Question

How do you factor ${{x}^{4}}-8x$?

Answer 1

In this type of question, during solving we should remember a formula that is ${{a}^{3}}-{{b}^{3}}=\left( a-b \right)\left( {{a}^{2}}+{{b}^{2}}+ab \right)$. In this question, first will take out the common factor x.
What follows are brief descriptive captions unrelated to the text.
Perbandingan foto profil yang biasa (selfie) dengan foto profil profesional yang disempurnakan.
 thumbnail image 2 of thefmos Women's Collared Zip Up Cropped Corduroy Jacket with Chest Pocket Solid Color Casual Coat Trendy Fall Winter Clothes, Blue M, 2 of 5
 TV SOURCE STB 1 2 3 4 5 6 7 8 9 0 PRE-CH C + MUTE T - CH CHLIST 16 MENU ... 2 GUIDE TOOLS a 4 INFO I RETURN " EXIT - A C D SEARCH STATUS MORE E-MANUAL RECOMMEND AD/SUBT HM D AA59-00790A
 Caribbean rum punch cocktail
After that, we will factor the remaining equation using the formula ${{a}^{3}}-{{b}^{3}}=\left( a-b \right)\left( {{a}^{2}}+{{b}^{2}}+ab \right)$.

Complete answer:
Let us solve this question.
It is asked in the question how to factor ${{x}^{4}}-8x$.
So, we will factorize the equation ${{x}^{4}}-8x$.
Hence, for the factorization of the given equation ${{x}^{4}}-8x$, first we will take out the common factor x, because it can be seen that x is a factor in both terms that is ${{x}^{4}}$ and $8x$.
We can write the given equation as
${{x}^{4}}-8x=x\times x\times x\times x-8\times x$
As x is common in the above equation. so, we can write the above equation as
${{x}^{4}}-8x=x\times \left( x\times x\times x-8 \right)$
${{x}^{4}}-8x=x\times \left( {{x}^{3}}-8 \right)$
${{x}^{4}}-8x=x\left( {{x}^{3}}-8 \right)$
As we know that ${{2}^{3}}=8$.
So, the equation can also be written as
$\Rightarrow {{x}^{4}}-8x=x\left( {{x}^{3}}-{{2}^{3}} \right)$
Now, we can see that ${{x}^{3}}-{{2}^{3}}$ is in the form of ${{a}^{3}}-{{b}^{3}}$ where a is x and b is 2.
And we know that there is a formula for ${{a}^{3}}-{{b}^{3}}$ that is ${{a}^{3}}-{{b}^{3}}=\left( a-b \right)\left( {{a}^{2}}+{{b}^{2}}+ab \right)$.
So, we can write the equation ${{x}^{3}}-{{2}^{3}}$ as
${{x}^{3}}-{{2}^{3}}=\left( x-2 \right)\left( {{x}^{2}}+{{2}^{2}}+2x \right)=\left( x-2 \right)\left( {{x}^{2}}+4+2x \right)$
Hence,
$\Rightarrow {{x}^{4}}-8x=x\left( {{x}^{3}}-{{2}^{3}} \right)=x\left( x-2 \right)\left( {{x}^{2}}+4+2x \right)$
$\Rightarrow {{x}^{4}}-8x=x\left( x-2 \right)\left( {{x}^{2}}+2x+4 \right)$
Now, we cannot do the factorization of ${{x}^{2}}+2x+4$, because it has no roots and no factors.
Now, we have done the factorization of ${{x}^{4}}-8x$.
So, the factors of ${{x}^{4}}-8x$ are $x$, $x-2$, and ${{x}^{2}}+2x+4$.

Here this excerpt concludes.